HappyHorse is an AI video generation model developed by the ATH Innovation Center under Alibaba's Taotian Group. After version 1.0 launched in April 2026, it immediately climbed to the top two on the Artificial Analysis leaderboard — #1 on the no-audio chart with ELO 1357, tied for #1 on the with-audio chart at ELO 1212 alongside Seedance 2.0. Version 1.1 was released on June 22, alongside a global AI filmmaking competition.

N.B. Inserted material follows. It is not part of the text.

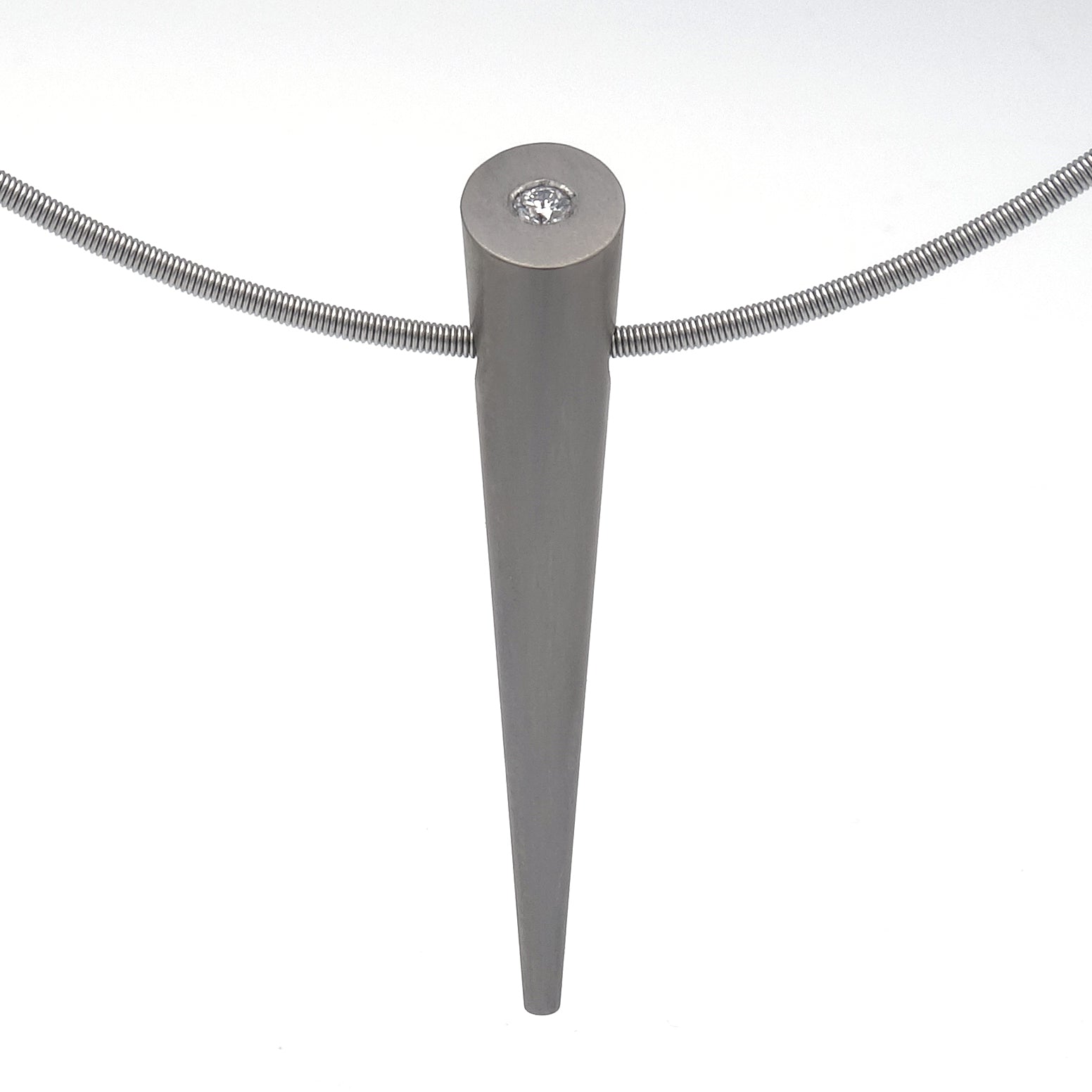 Titanium Istap hanger met 0.05 ct diamant aan spang collier
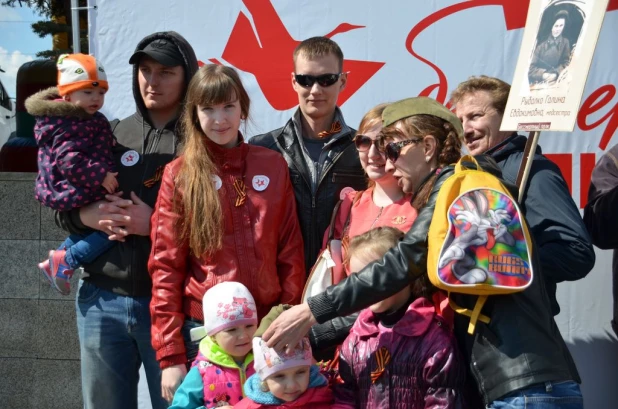 Участники "Бессмертного полка" в Барнауле. 9 мая 2016 года.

Unlike Seedance and Kling, HappyHorse's core differentiator is its unified architecture — a single model processing text, image, video, and audio simultaneously. Not a modular pipeline stitched together, but a 15-billion-parameter single-stream Transformer generating everything in one pass.
What's New in 1.1 vs 1.0
| Dimension | 1.0 | 1.1 |
|---|---|---|
| Motion quality | Baseline | More natural, more physically plausible |
| Subject consistency | Occasional drift | Improved, more stable across scenes |
| Prompt following | Long prompts often went off track | Better adherence for complex multi-scene, multi-character prompts |
| Visual texture | Occasional oiliness, over-sharpening | Preserves realistic skin detail (pores, nasolabial folds) |
| Audio generation | Native sync | More natural pacing, pauses, and tone; prompt-driven ambient sound |
| Reference images | Up to 9 | Up to 9 (unchanged, but matching accuracy improved) |

In short, 1.1 isn't a feature upgrade — it's a thorough polish. The issues users complained about in 1.0 — "oily look," "over-sharpened," "long prompts going off-track" — have been systematically addressed.
Key Specs
- Architecture: 15B-parameter unified single-stream Transformer, 40-layer self-attention, joint video + audio generation
- Resolution: Up to 1080P
- Duration: Up to 10 seconds
- Reference image input: Up to 9 images (R2V mode, tagged as character1, character2, etc. in prompts)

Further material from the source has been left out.